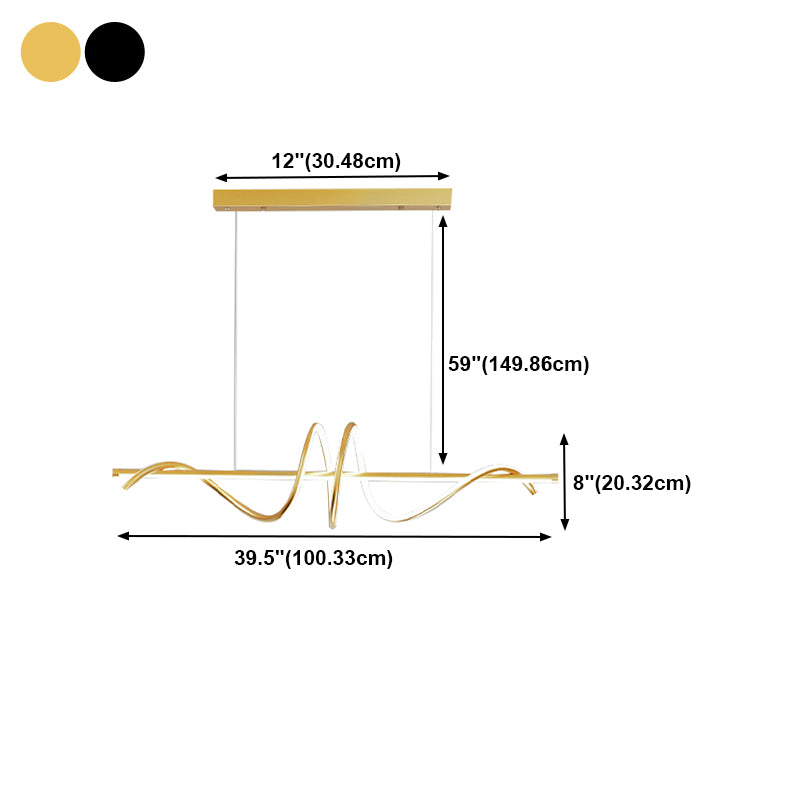 Metal Linear Shade Island Pendant Modern Style Multi Light Island Lighting for Living Room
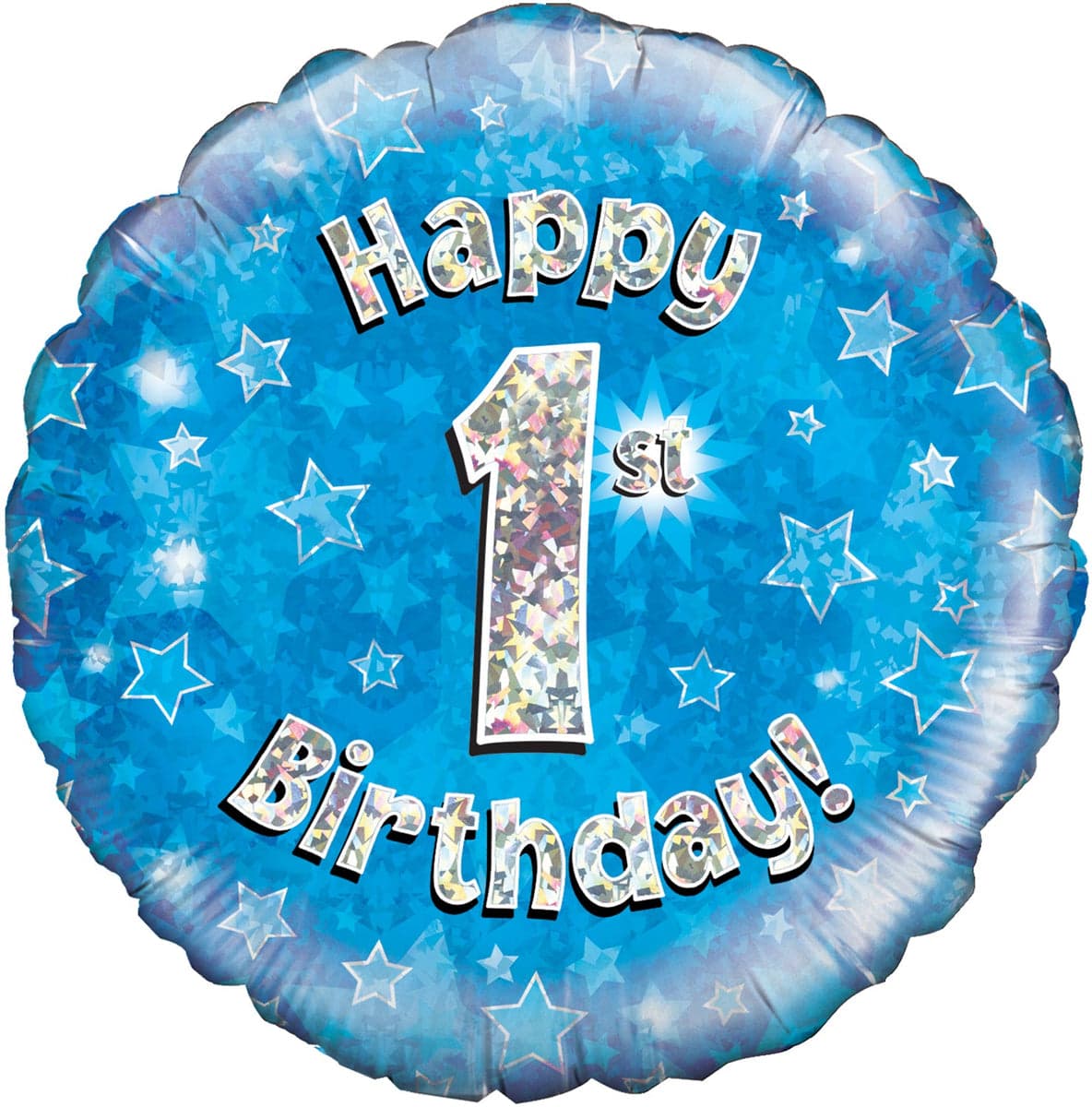 Oaktree 18" Happy 1st Birthday Blue Holographic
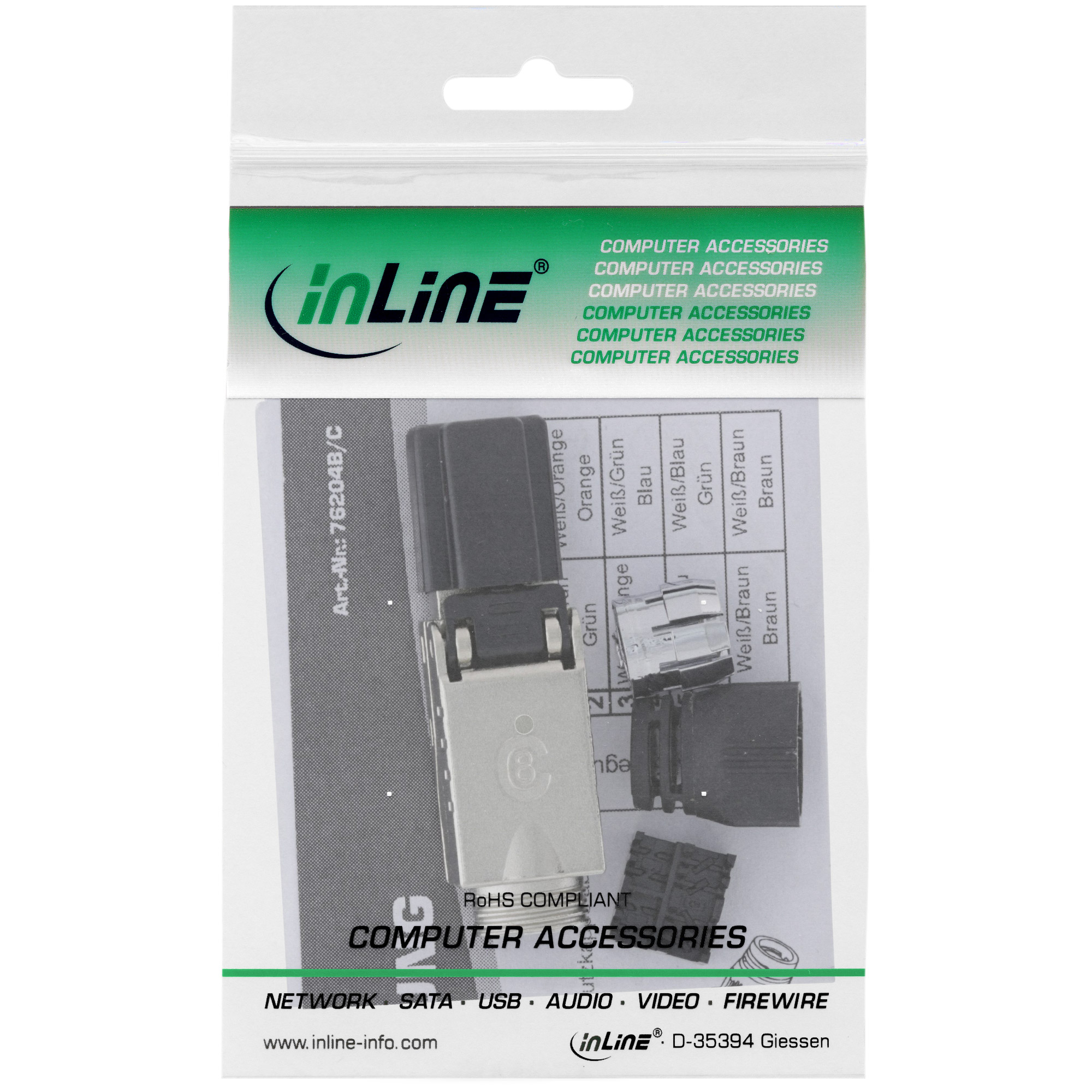 Inline® RJ45 Stecker Cat.8.1 2000MHz, feldkonfektionierbar, geschirmt, Schraubv.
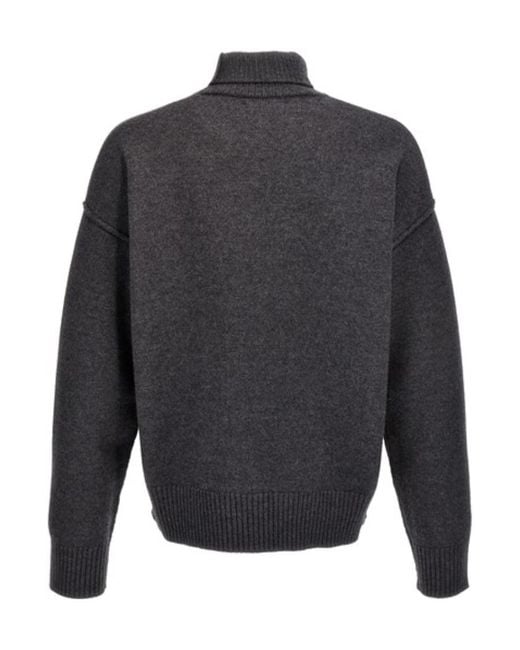 AMI Gray Ami De Coeur Logo Intarsia Knitted Roll-Neck Jumper for men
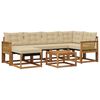 vidaXL Outdoor-Sofagarnitur 7 Stk. Natur und Beige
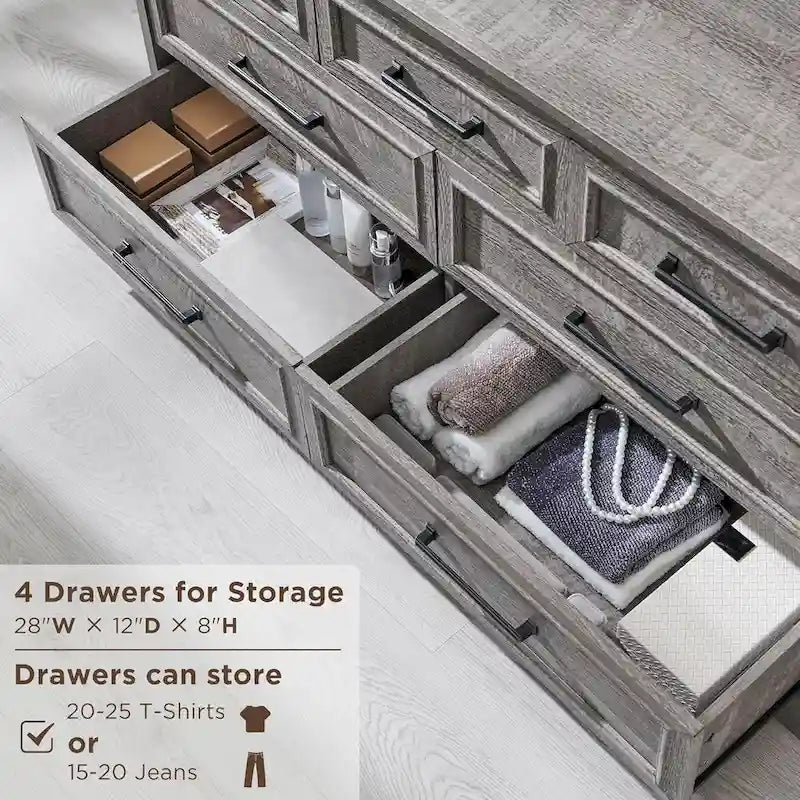 Commode à 7 tiroirs et meuble TV style ferme – Meuble de rangement rustique en grain de bois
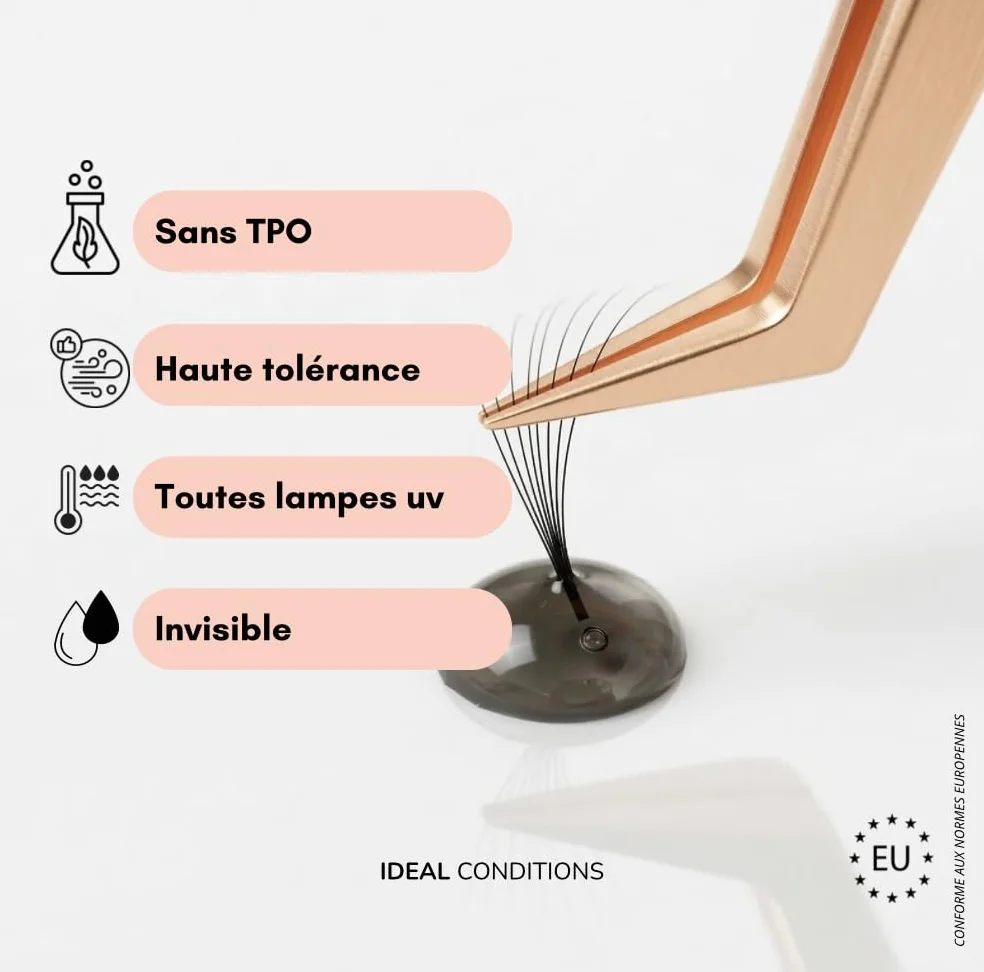 Colle UV pour extensions de cils en 0,1 seconde - Étanche jusqu'à ce que les cils tombent - Seule une utilisation professionnelle doit être utilisée avec une lumière UV (5 ml transparent black)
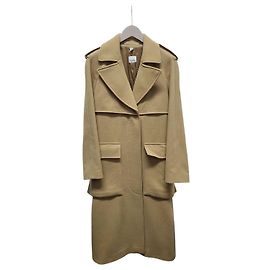 Burberry Casaco longo trench de cashmere cor camelo com cinto
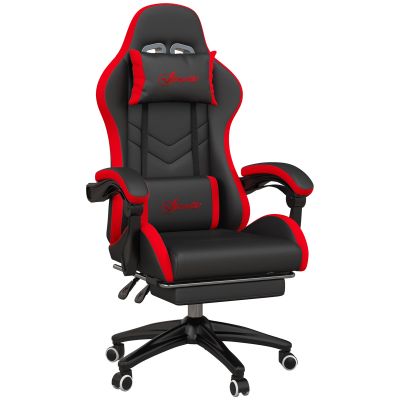 Scaun de Gaming cu inaltime Reglabila si Spatar Rabatabil, 65x65x121-129 cm, Negru si Rosu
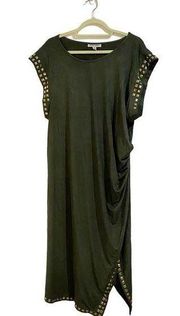 Shelby & Palmer Olive Green Studded Midi Asymmetrical Dress Sz 3X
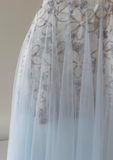 Stunning A Line Spaghetti Strap Floral Blue Tulle Prom Dress Wedding Guest Dress HZ1023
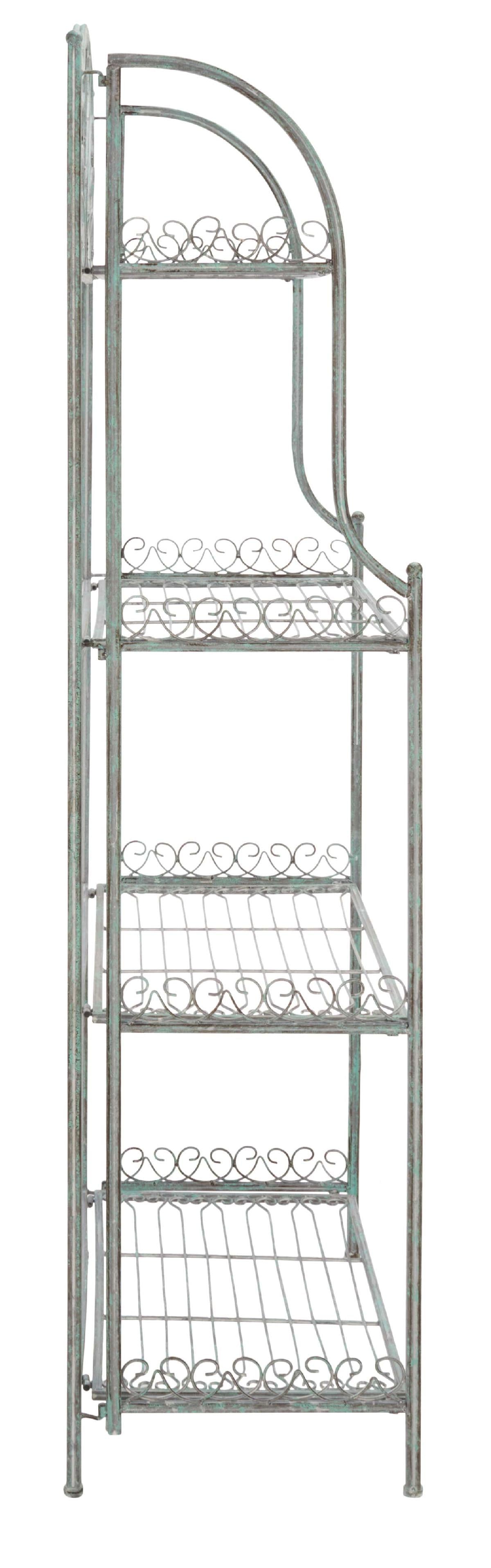 outdoor bakers rack plant stand Amaris Wrought Iron 4 Tier Outdoor Bakers Rack in Antique Green by Safavieh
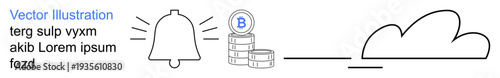 Cryptocurrency investments, blockchain technology, cloud storage, financial security, digital assets, notification alerts. Bell icon with soundlines, Bitcoin coins and cloud graphic. Blockchain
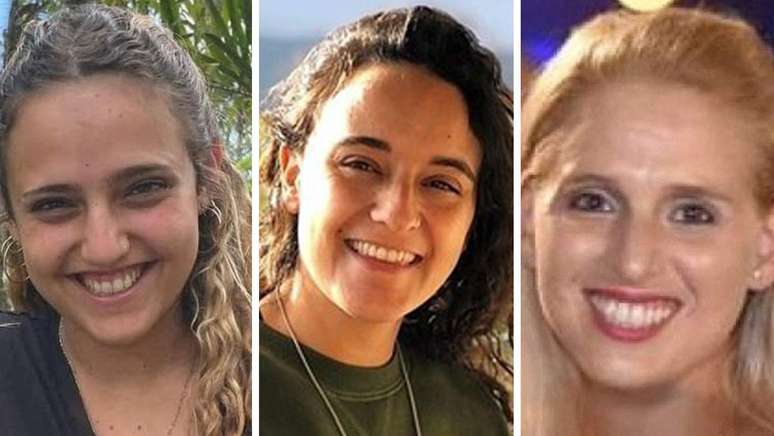 Da esquerda para a direita: Romi Gonen, Emily Damari e Doron Steinbrecher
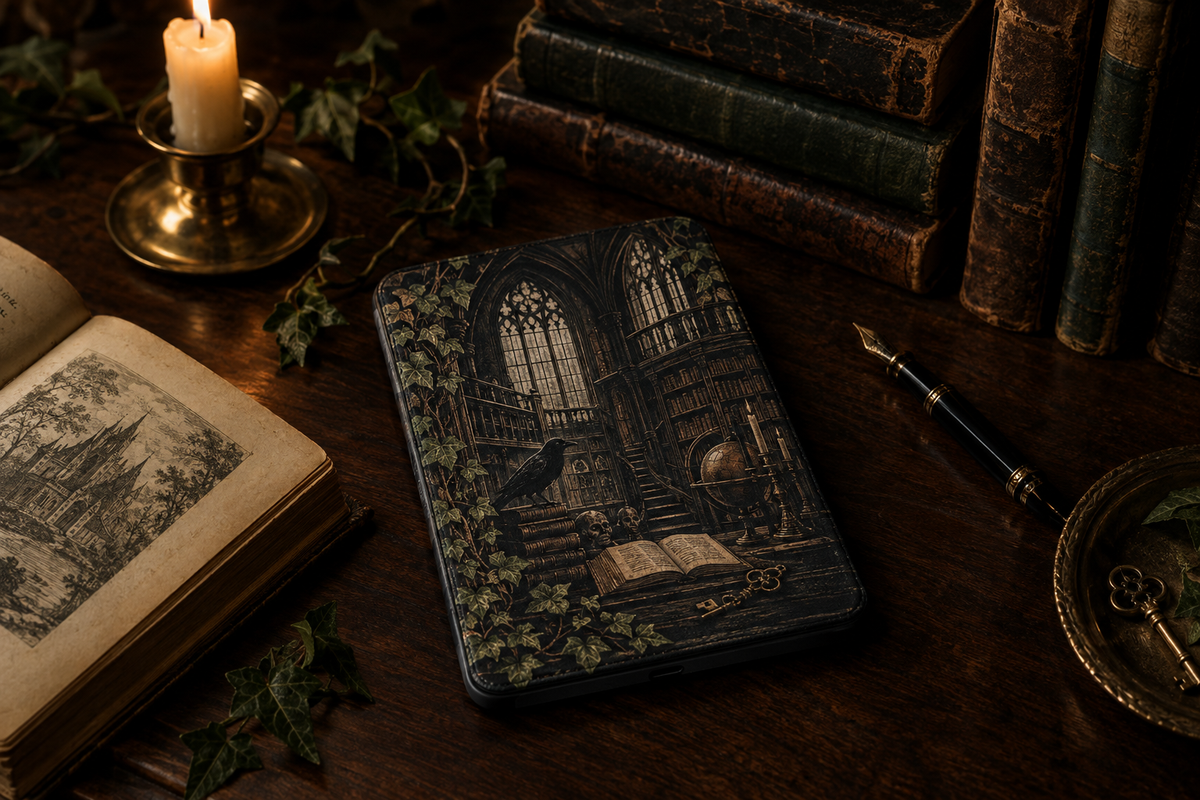 A candlelit e-reader with an original Gothic library illustration on its case, among antique books on a dark wooden desk.
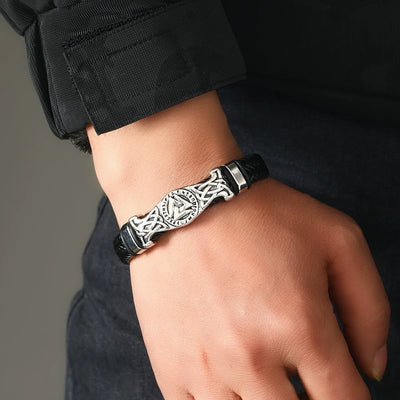 Vintage Viking Leather Bracelet Magnetic Celtic Knot Bangle - Smarsty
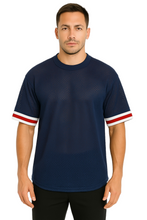 Load image into Gallery viewer, WEIV Men&#39;s Mesh Sleeve Tape Athletic T-shirt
=-=-=
DIRECTIONS FOR THIS TASK
Without reproducing any picture, repeat exactly the lines from the one containing "Cryptocurrency investments, blockchain" through the last line of the material above, both ends included.

TASK RESPONSE
 Cryptocurrency investments, blockchain technology, cloud storage, financial security, digital assets, notification alerts. Bell icon with soundlines, Bitcoin coins and cloud graphic. Blockchain
 Da esquerda para a direita: Romi Gonen, Emily Damari e Doron Steinbrecher
 A candlelit e-reader with an original Gothic library illustration on its case, among antique books on a dark wooden desk.
 Vintage Viking Leather Bracelet Magnetic Celtic Knot Bangle - Smarsty
 Load image into Gallery viewer, WEIV Men&#39;s Mesh Sleeve Tape Athletic T-shirt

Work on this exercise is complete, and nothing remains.